The “C” word is a word that carries a lot of pain and heartache. It carries rounds of toxic chemicals, years of pain, heartaches, and a whole basket of side effects. Cancer is something that as an adult, you fear. You see the death that surrounds it and you understand that you don’t want it. But, when you are a child, cancer is just a word. Cancer is not on your mind because you are thinking when the next time you can ride your bike or play with your friends outside. As a parent, you are not scared of your child catching a “cancer bug” because it is so rare, right?
Wrong.
Every day 43 children are diagnosed with cancer. Cancer is the #1 disease killer in children 18 and younger. You never think that your child could be one of those 43 until you are sitting in a doctor office after a routine checkup with your child, and the pediatrician tells you that your child has a life-threatening disease with no cure.
That is the part that upsets me the most: “no cure”. There is no cure, no miracle drug, and no painless treatment. There are only months and even years of painful injections, drugs, and side effects. Instead, of a child playing outside, they sit in a hospital room worrying about doing their CHG wipes, getting their counts up, taking bad-tasting medicine, and being hooked up to an IV pole all the time.

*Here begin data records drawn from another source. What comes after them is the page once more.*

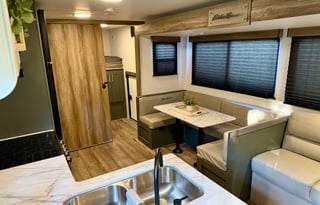 Glamping & Grace - Your HGTV Inspired "Roamstead"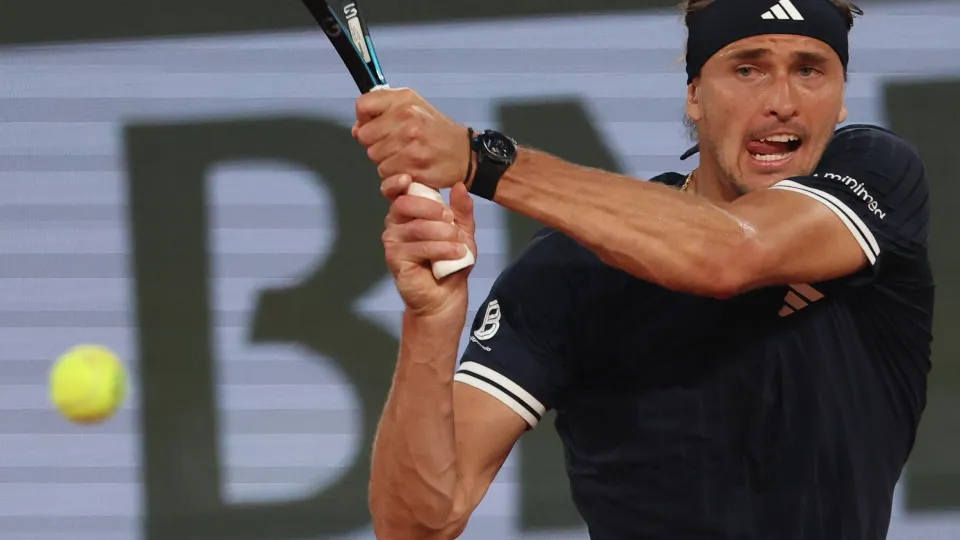 Alexander Zverev se classifica para as oitavas de final de Roland Garros Alexander Zverev se classifica para as oitavas de final de Roland Garros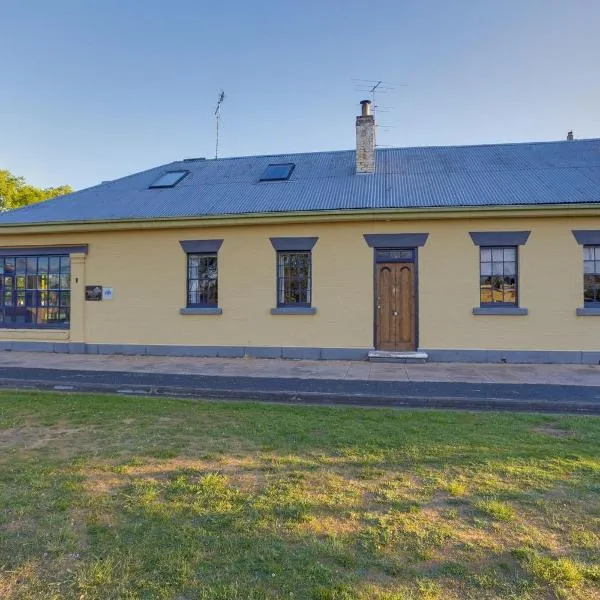 Whites Corner, hotel in Hollow Tree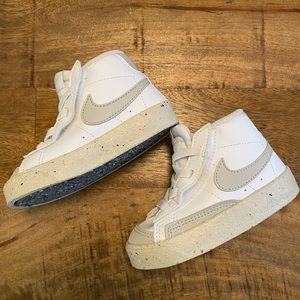 Never worn Nike Blazer Mid ‘77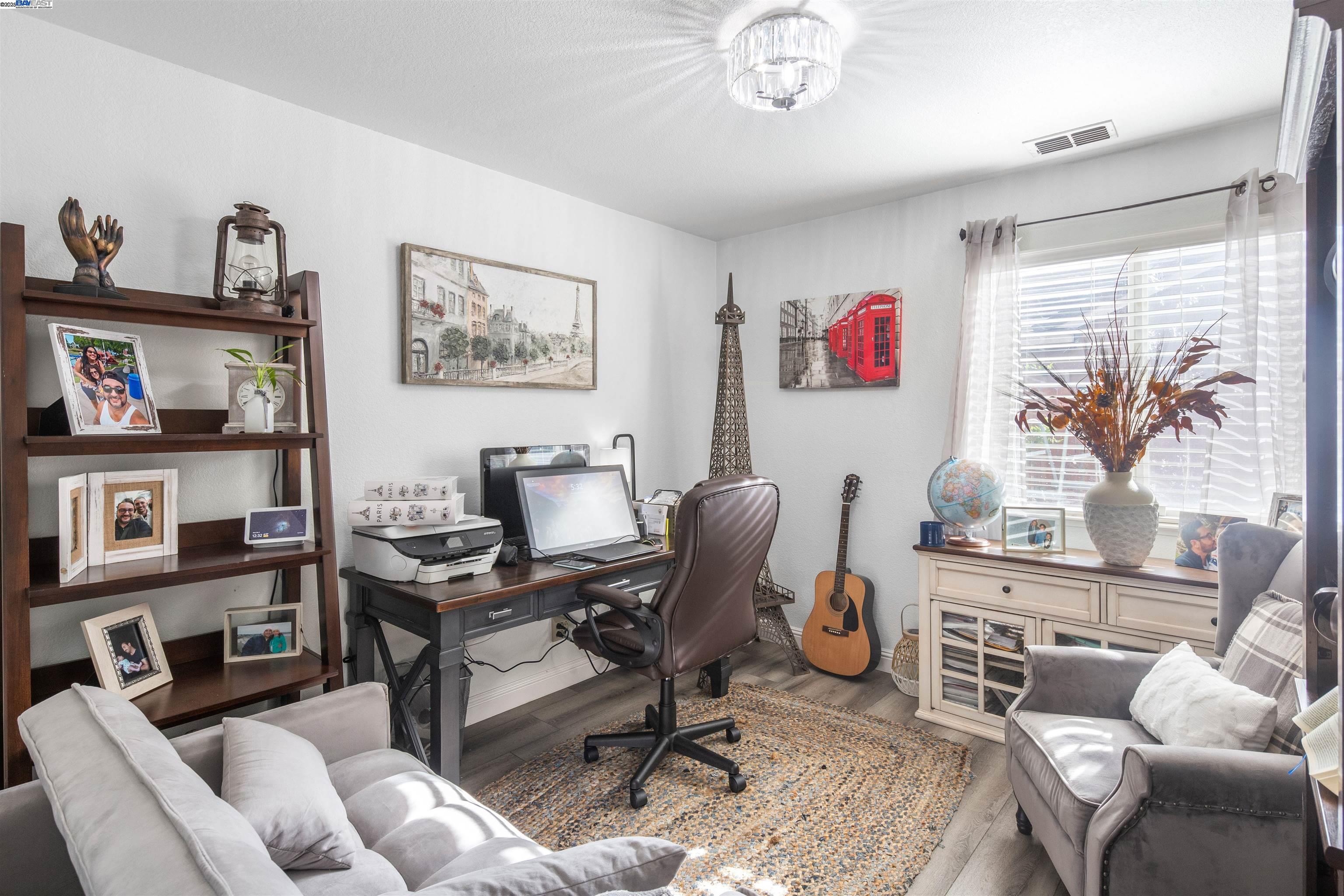 Detail Gallery Image 22 of 35 For 715 Bobcat Ln, Manteca,  CA 95336 - 4 Beds | 2 Baths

I spend a great deal of time being treated at Children’s Healthcare of Atlanta, and while there I have met so many kids and teens and their parents, who one day had to learn what WBC, RBC, HGB, HCT, Platelet, T-Cells, B-Cells, and lymphocytes all mean and what they stand for and why paying attention to them is now so vital. No kid should have to worry about their lymphocyte counts when they can barely count to ten.
It is now 2016 and so little funding goes to fund childhood cancer research. Childhood cancer is treated like adult cancer and that makes no sense. Children have different needs and how has no one found something to cure cancer but we have hoverboards, iPhones that can pay bills, and drones?
No one wants to talk about childhood cancer because it is a sad topic, but that is how we are going to find a cure. There are doctors and nurses and scientists who devote their entire lives to improving the lives of children with cancer and we still only have poison as a “remedy” to stop the growth of metastasizing cells.
To have cancer is not just a diagnosis, it is a lifetime of checkups, medications, needles, and chronic problems because just because the cancer is in remission, there are still so many side effects of chemo and radiation that can be just as bad. Your life stops when you get that diagnosis, your child stops school, you stop working, and suddenly you go into mountains of medical debt to save a life.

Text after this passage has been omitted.